THIS PRESS RELEASE IS NOT FOR PUBLICATION OR DISSEMINATION IN THE UNITED STATES. FAILURE TO COMPLY WITH THIS RESTRICTION MAY CONSTITUTE A VIOLATION OF UNITED STATES SECURITIES LAW.

CALGARY, Alberta, June 05, 2026 (GLOBE NEWSWIRE) -- Crown Point Energy Inc. (TSX-V:CWV) ("Crown Point" or the "Company") is pleased to announce that it has filed a (final) short form prospectus (the "Prospectus") in each of the provinces of Canada, other than Québec, with respect to an offering (the "Rights Offering") of rights ("Rights") to acquire common shares of the Company ("Common Shares") to raise gross proceeds of US$30 million.

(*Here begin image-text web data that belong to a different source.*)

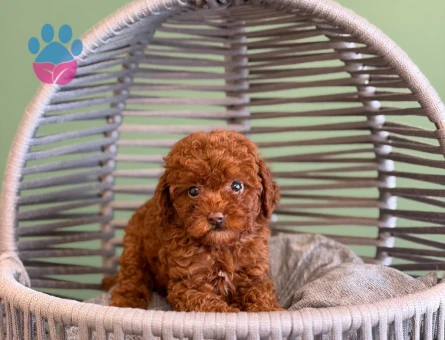 2 Aylık Toy Poodle Dişi Yavrumuz - 10715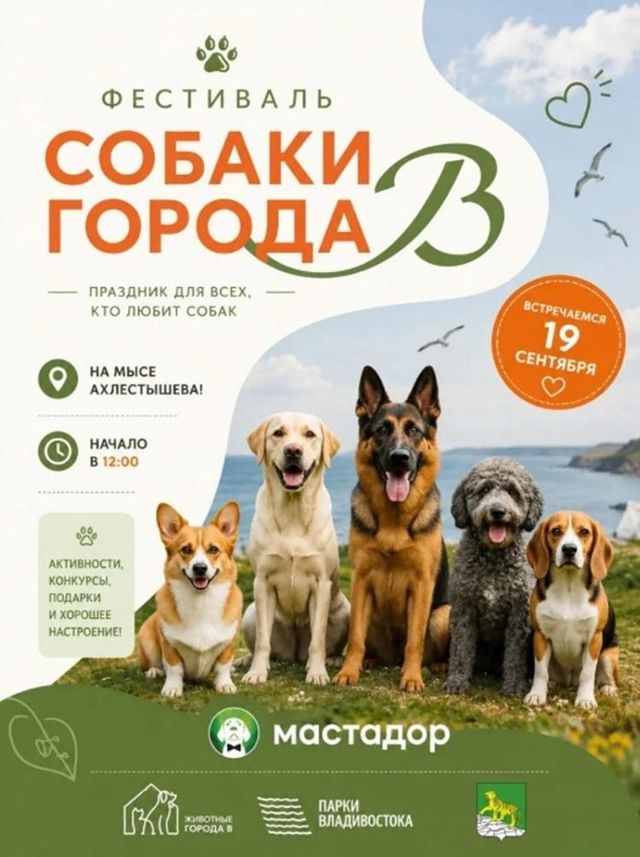 Хвосты, лапы и игры: фестиваль «Собаки города_В» пройдет во Владивостоке - Vladnews.ru - Новости Владивосток и Дальнего Востока, 21.08.2026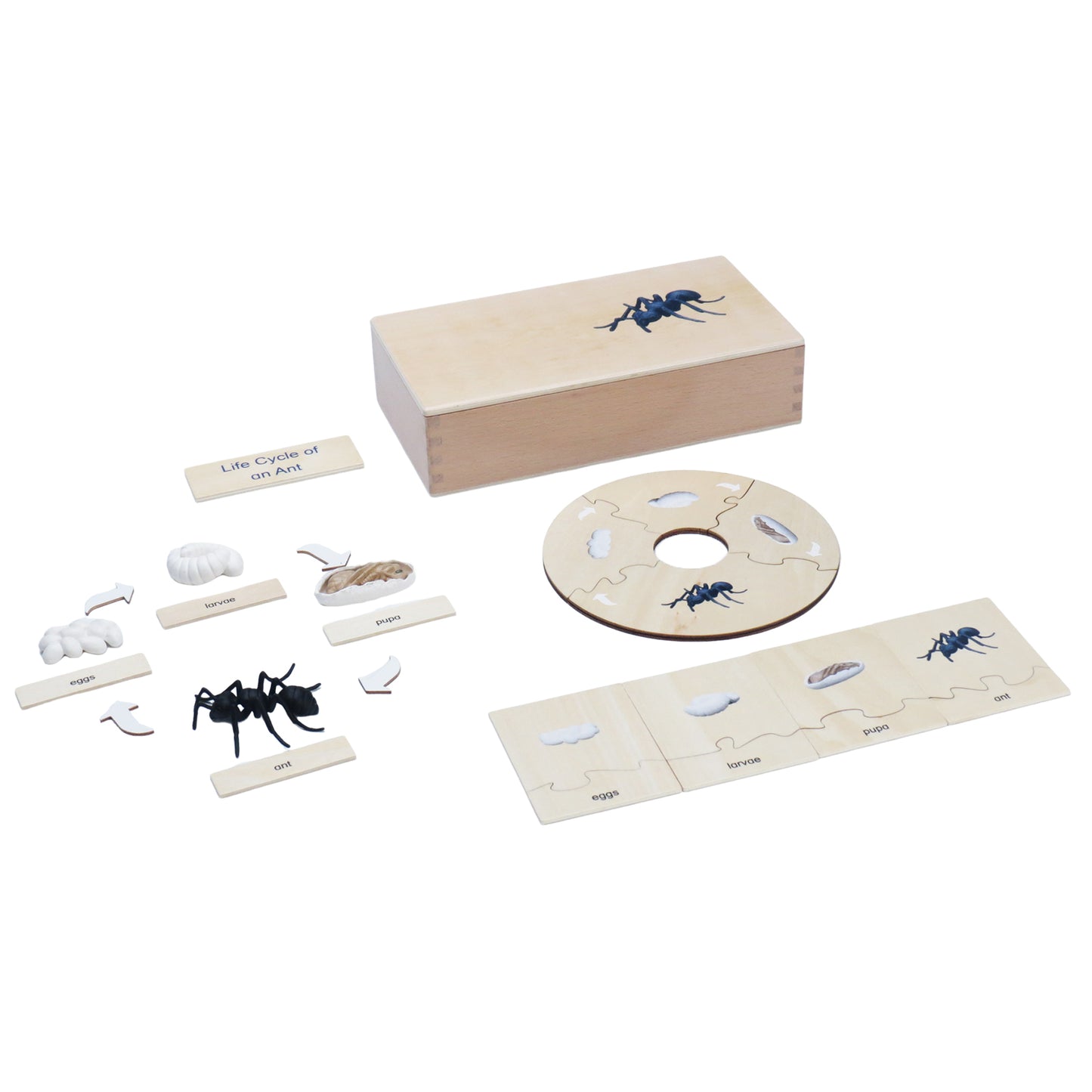 Life Cycle- Ant, Custom Text, Bilingual, Monolingual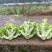 四川新鲜儿菜现砍现发农家自种大量上市货源稳定欢迎咨询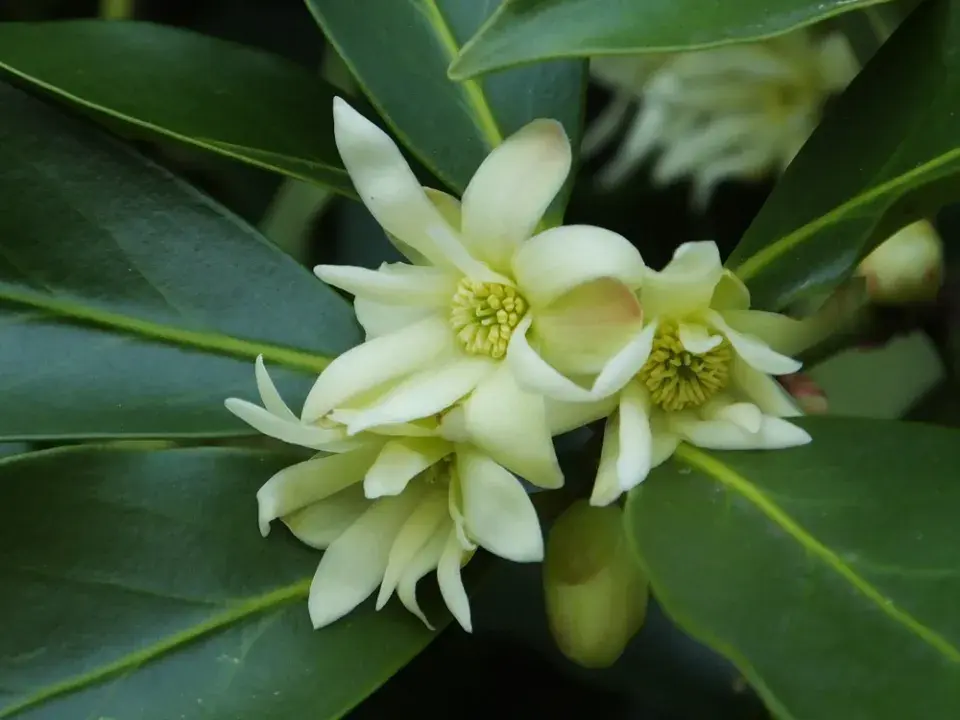 Aromatický badyáník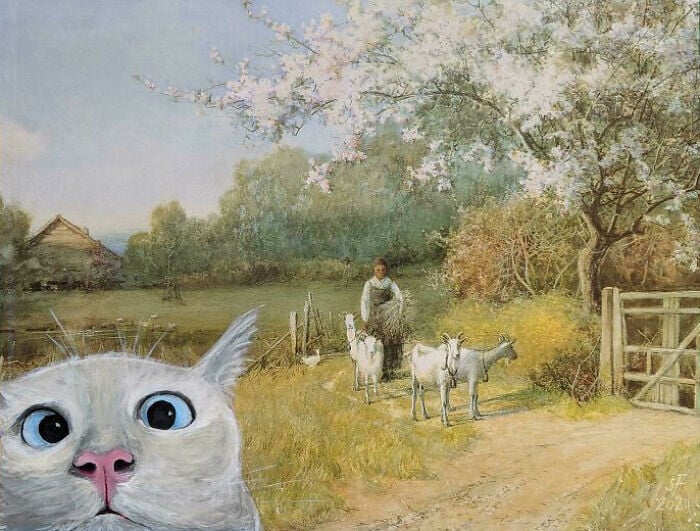 reddit repaintings humor 4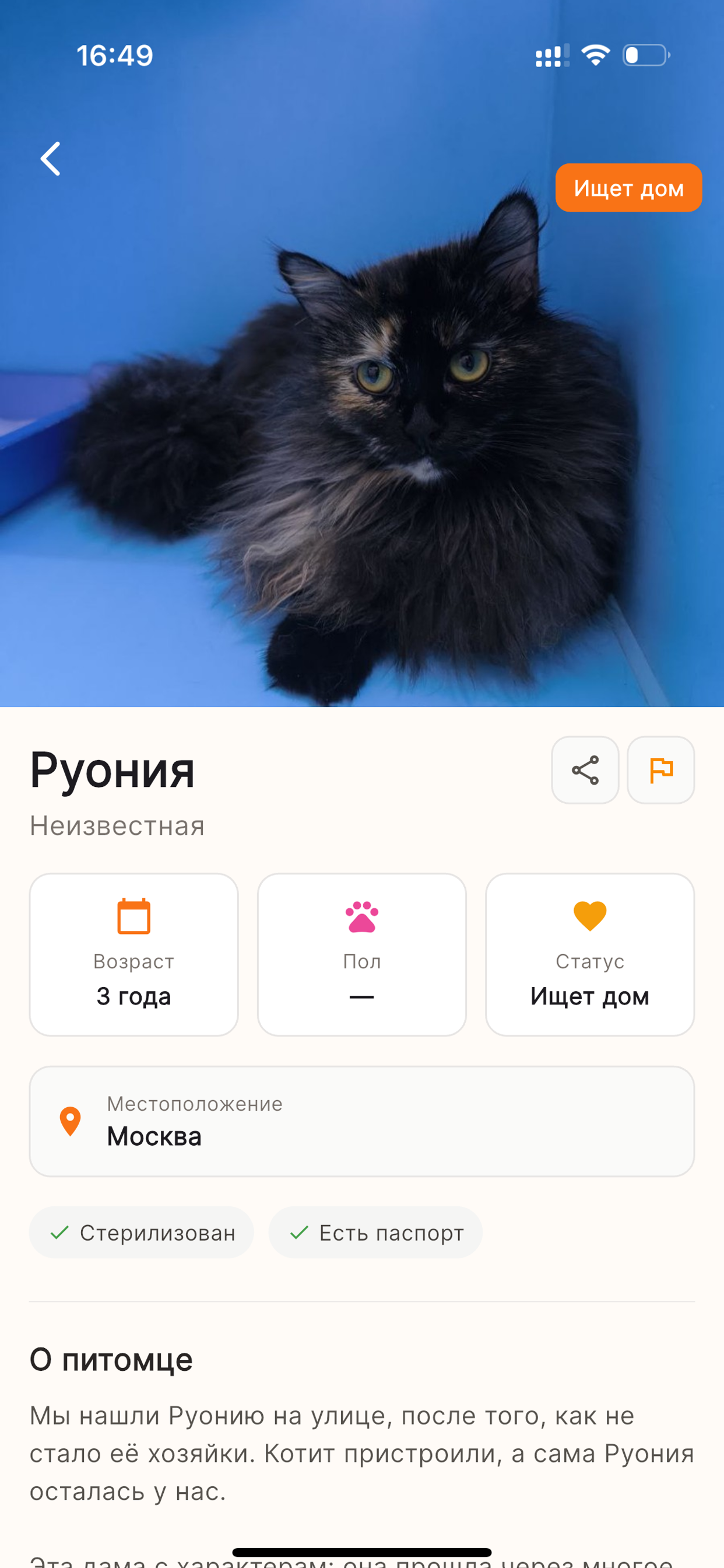 PawSocial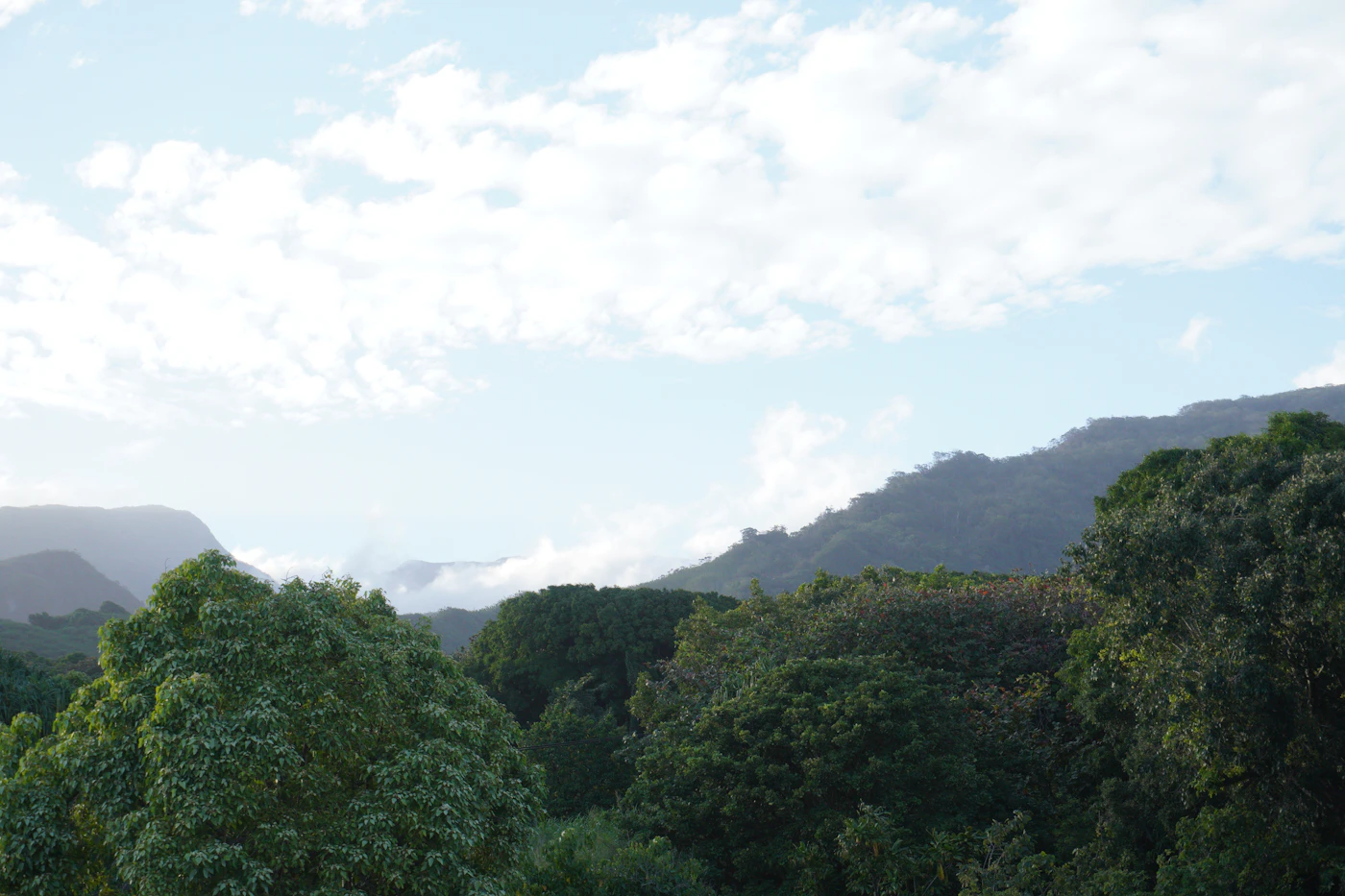 Hawaii rainforest scenery for a family volcano vacation with kids - Photo from Unsplash
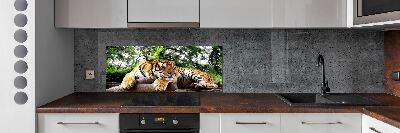 Panel do kuchyne Tiger na skale
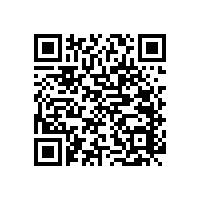 防滑小技巧-安裝老人衛(wèi)生間活動(dòng)扶手架【藍(lán)品盾】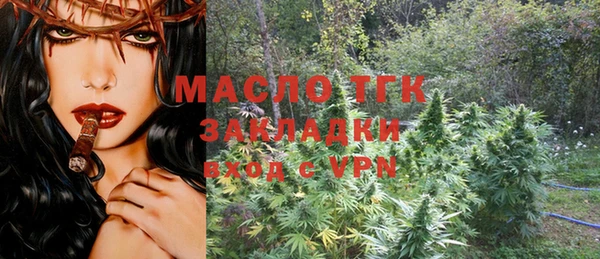 крисы Кулебаки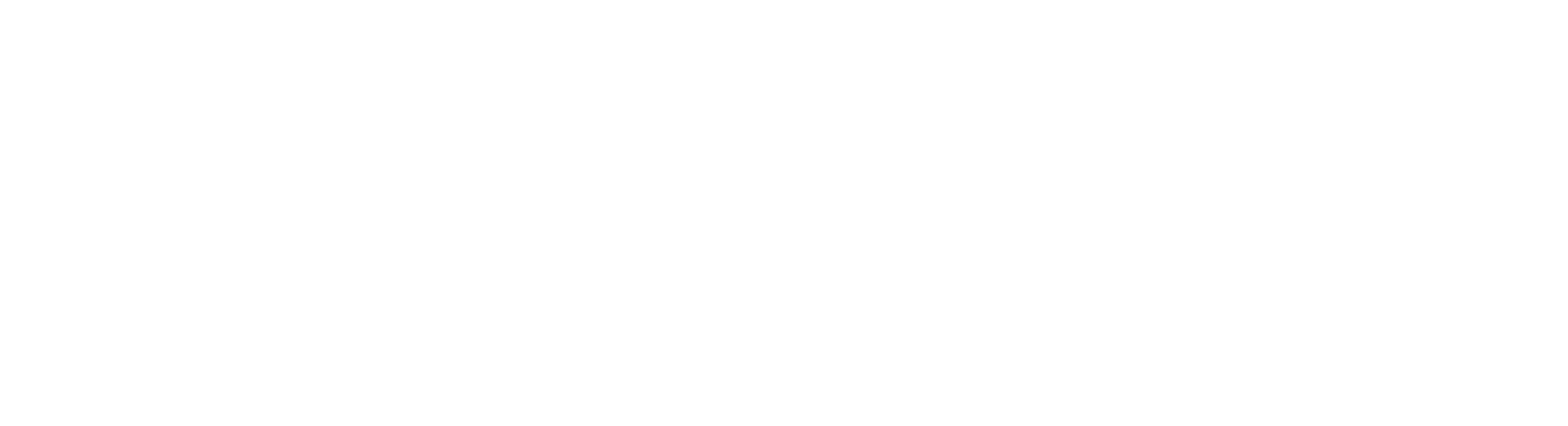PlayVisitLogo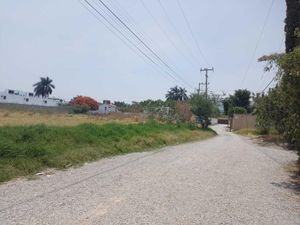 Terreno en Venta en Centro Jiutepec Jiutepec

Pursuant to the Rights Offering, each eligible registered holder of Common Shares as at the close of business on June 15, 2026 (the "Record Date") will receive one (1) Right for each one (1) Common Share held. Each Right will entitle an eligible holder thereof to acquire 3.29204388 Common Shares at a price of US$0.41150549 per Right (representing a subscription price of US$0.125 per Common Share). The subscription price must be paid in United States dollars. The Rights issued under the Rights Offering will be evidenced by direct registration system advices (each a "Rights DRS Advice") and will expire at 5:00 p.m. (Toronto time) on July 13, 2026 (the "Expiry Date"), after which time unexercised Rights will be void and of no value. The Rights Offering includes an additional subscription privilege under which eligible holders of Rights who fully exercise their Rights will be entitled to subscribe for additional available Common Shares. Closing of the Rights Offering is expected to occur on or about July 15, 2026.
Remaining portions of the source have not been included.